Your goal: An exact copy of all the data below is needed, without its pictures.

(Beginning of Record set)

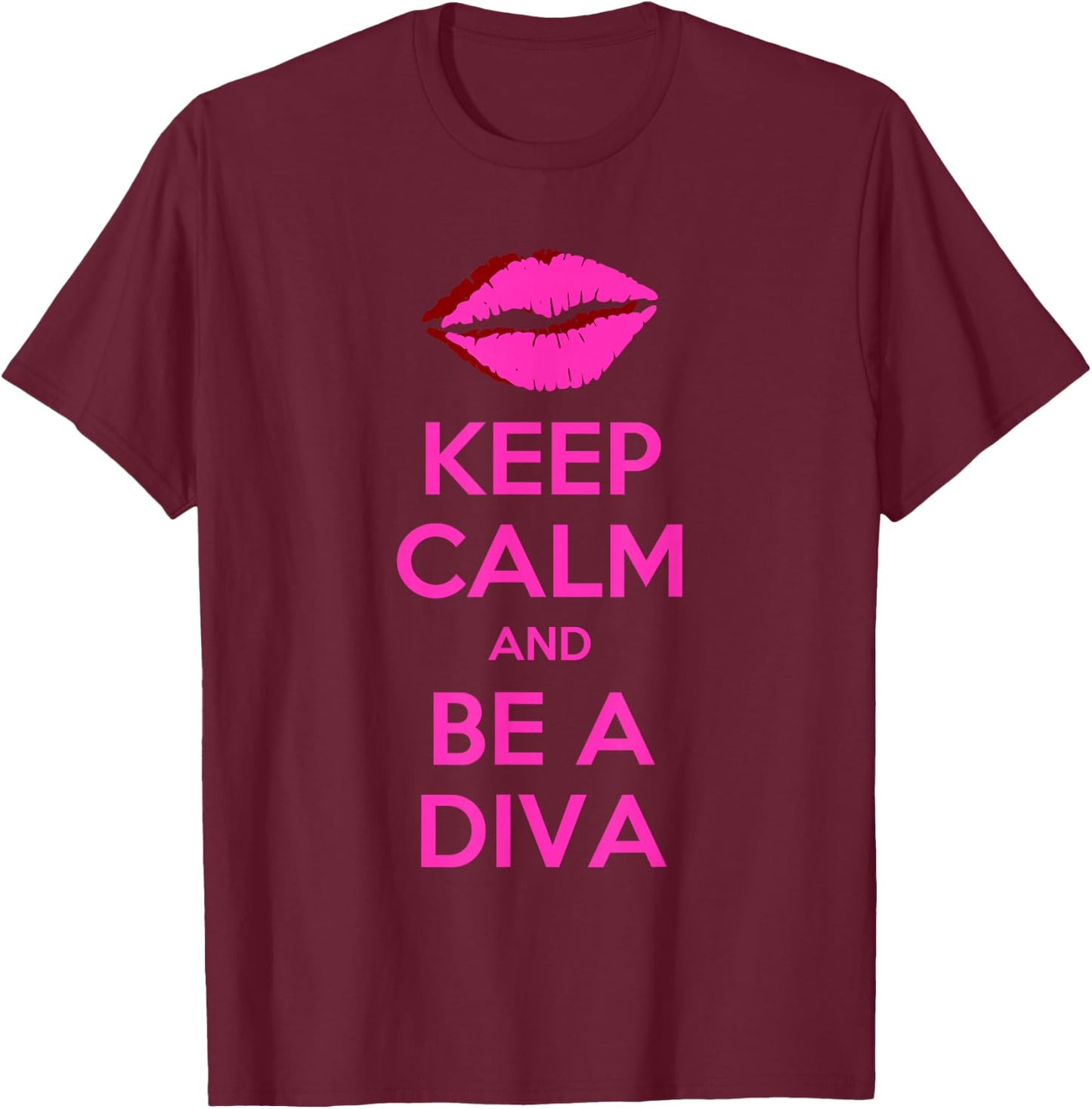 Keep Calm And Be A Diva T-Shirt - T-Shirt | Maroon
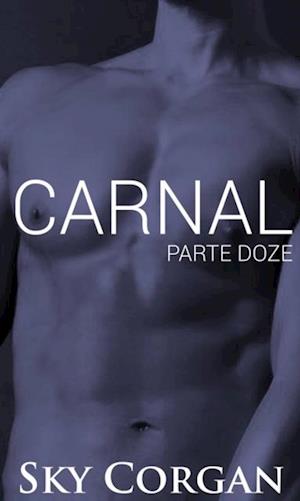 Carnal: Parte Doze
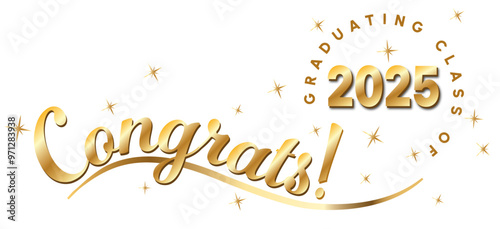 Celebratory Congrats! message for the graduating class of 2025, featuring gold text and stars. Ideal for graduation announcements, invitations, and celebratory decor. - white background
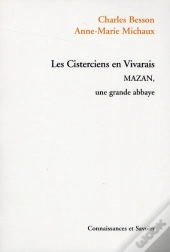 Les Cisterciens En Vivarais ; Mazan, Une Grande Abbaye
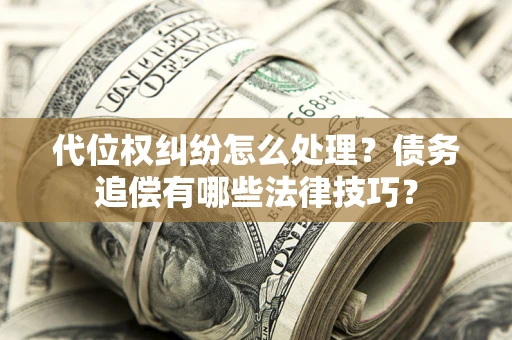济南代位权纠纷怎么处理？债务追偿有哪些法律技巧？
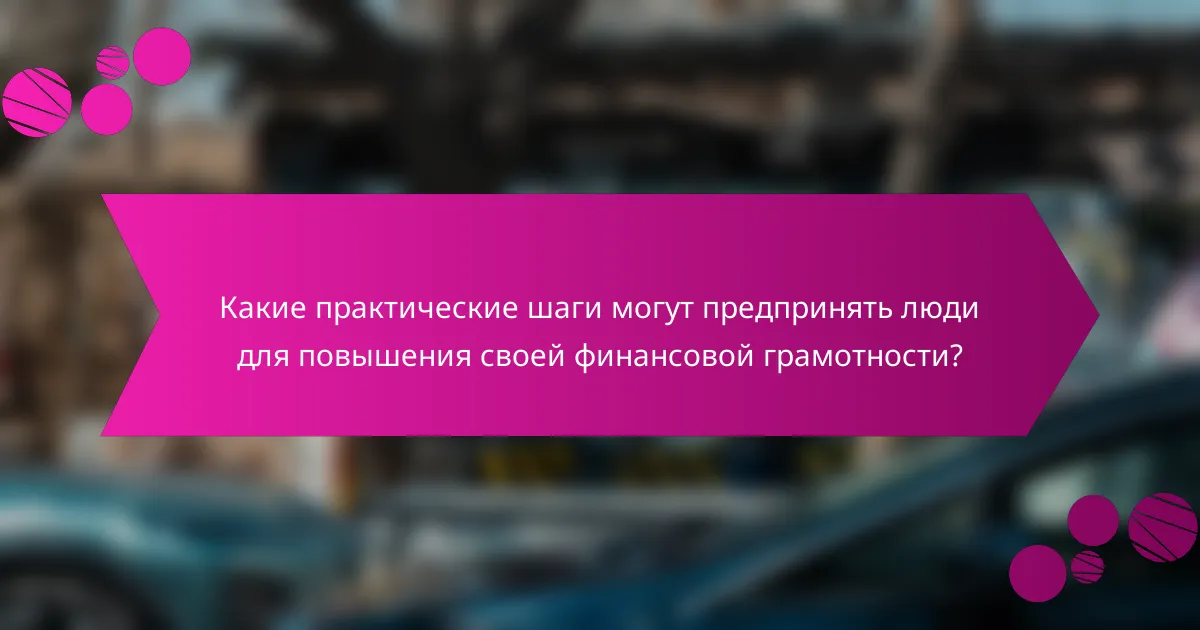Какие практические шаги могут предпринять люди для повышения своей финансовой грамотности?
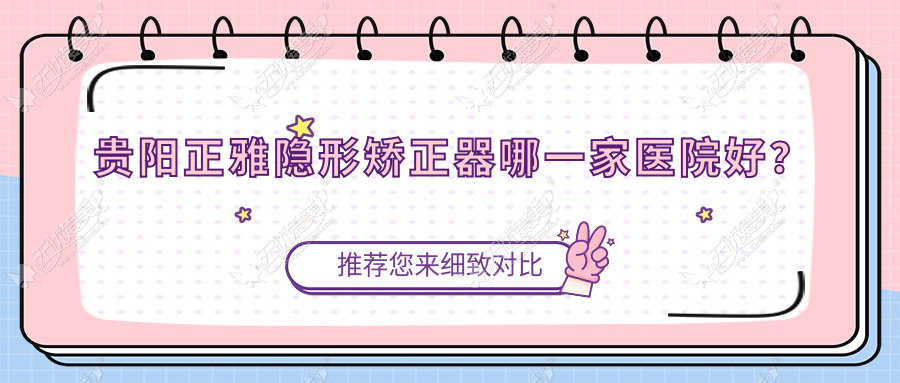 贵阳正雅隐形矫正器哪一家医院好? 贵阳正雅隐形矫正器哪一家医院好?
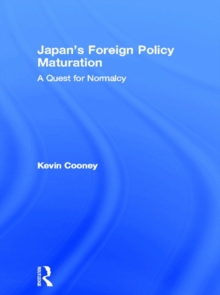 Japan's Foreign Policy Maturation : A Quest for Normalcy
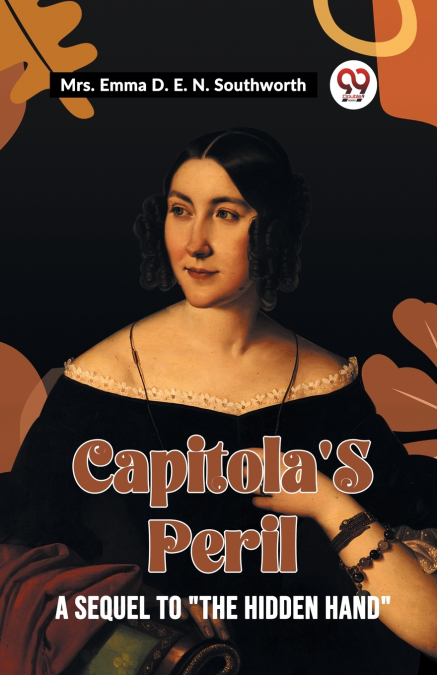 Capitola’s Peril A Sequel To 'The Hidden Hand'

(End of Record set)

Task output:
 Keep Calm And Be A Diva T-Shirt - T-Shirt | Maroon
 Carnal: Parte Doze
 Celebratory Congrats! message for the graduating class of 2025, featuring gold text and stars. Ideal for graduation announcements, invitations, and celebratory decor. - white background
 Les Cisterciens En Vivarais ; Mazan, Une Grande Abbaye
济南代位权纠纷怎么处理？债务追偿有哪些法律技巧？
Какие практические шаги могут предпринять люди для повышения своей финансовой грамотности?
 贵阳正雅隐形矫正器哪一家医院好? 贵阳正雅隐形矫正器哪一家医院好?
 Japan's Foreign Policy Maturation : A Quest for Normalcy
 Capitola’s Peril A Sequel To 'The Hidden Hand'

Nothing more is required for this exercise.